Really? This rickety and scratchy load of fuzz took 21 years to come up with? I'm joking, of course. But if you sat an unassuming, non-My Bloody Valentine-believer down in a chair and played them the great British noise pop shoegaze band's latest album, that's what the newbie would most likely think.
I had a flatmate once who couldn't stand My Bloody Valentine. "Turn that bloody bumblebee shit off," he would plead. Admittedly, he was more into the Eagles than noisy British indie bands but, as it turns out, he had perfectly described the sound MBV conjured up on the challenging and often-dissonant Tremolo EP from 1991 (incidentally, the best song on it also just happened to be called Honey Power).
The thing is, theirs really is the loveliest, most beautifully odd and singular sound. And this third album - and long-awaited follow-up to 1991 classic Loveless - is more than worth the wait.
It's no Loveless, however, or, for that matter, an Isn't Anything, the band's excellent debut from 1988. Because there is nothing even approaching the pure gutsy grunt of the latter album's best song, Feed Me With Your Kiss. Although the deadened, industrial thud of instrumental Nothing Is comes close (and it's a little unnerving to think what that song would do to your head at a concert) and closing track Wonder 2 is the album's biggest brain-caver (like band leader Kevin Shields has been out at a drum 'n' bass gig and come home and decided to put his MBV spin on what he's just heard). It's brilliantly bonkers stuff.
But mostly, m b v is not about ear-splitting power - the majority of it retains their trademark seductive wooziness, layers of delicious distortion, and an otherworldliness that made Loveless so good.

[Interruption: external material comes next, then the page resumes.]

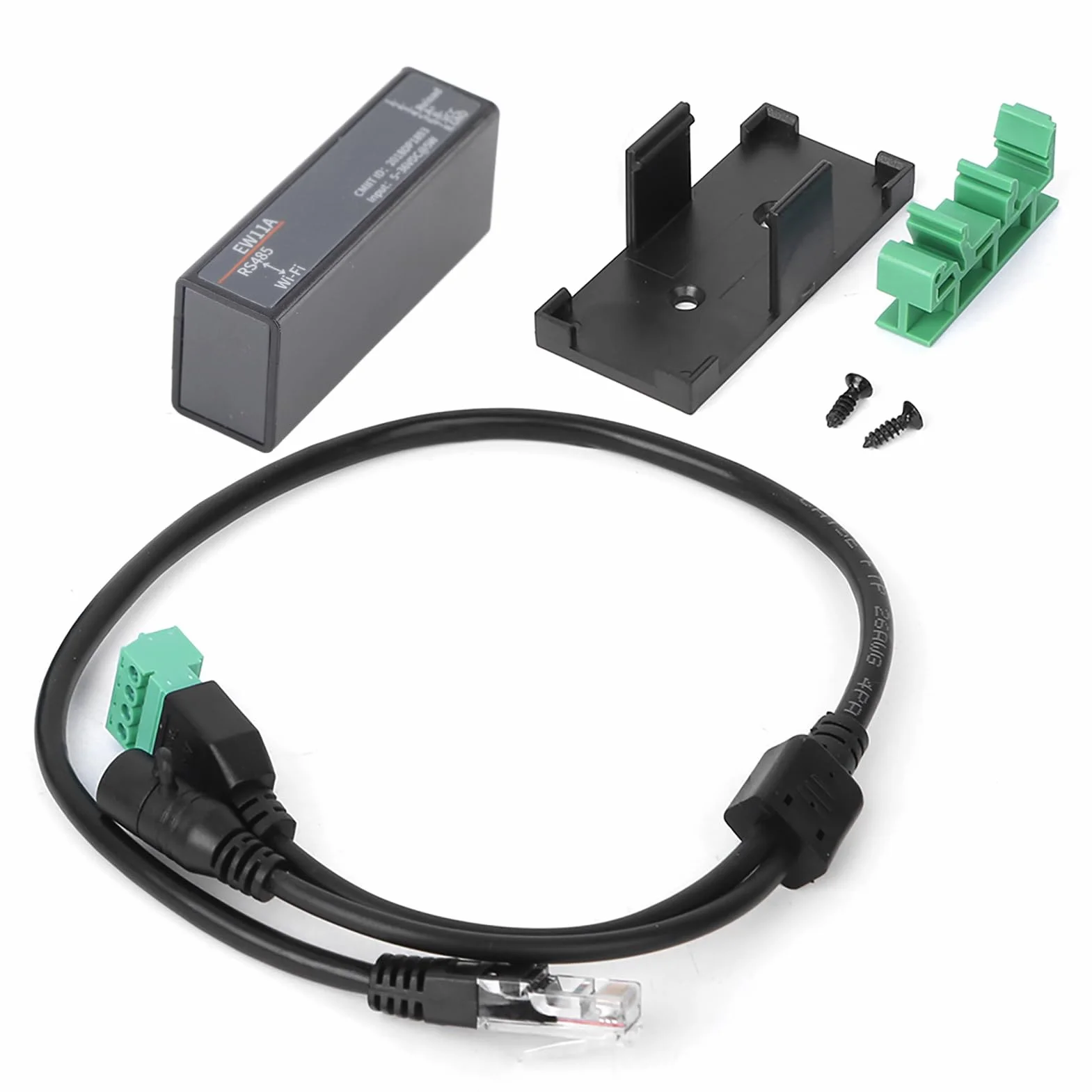 Module de Communication Sans Fil RJ45 Serveur Série vers WiFi pour Automatisation Industrielle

A song like New You is fluffy fuzz funk, as it pumps and lopes along with the hushed and cooing vocals of guitarist Bilinda Butcher sounding sweeter than ever, Is This And Yes is an unnerving mix of funereal and futuristic with its spectral beeps and synthesiser chords, and album highlight, In Another Way, works itself up into a ballistic din, but somehow manages to cast a head-nodding spell. And it's those sorts of conflicting sonic moods working harmoniously together that make My Bloody Valentine one of a kind.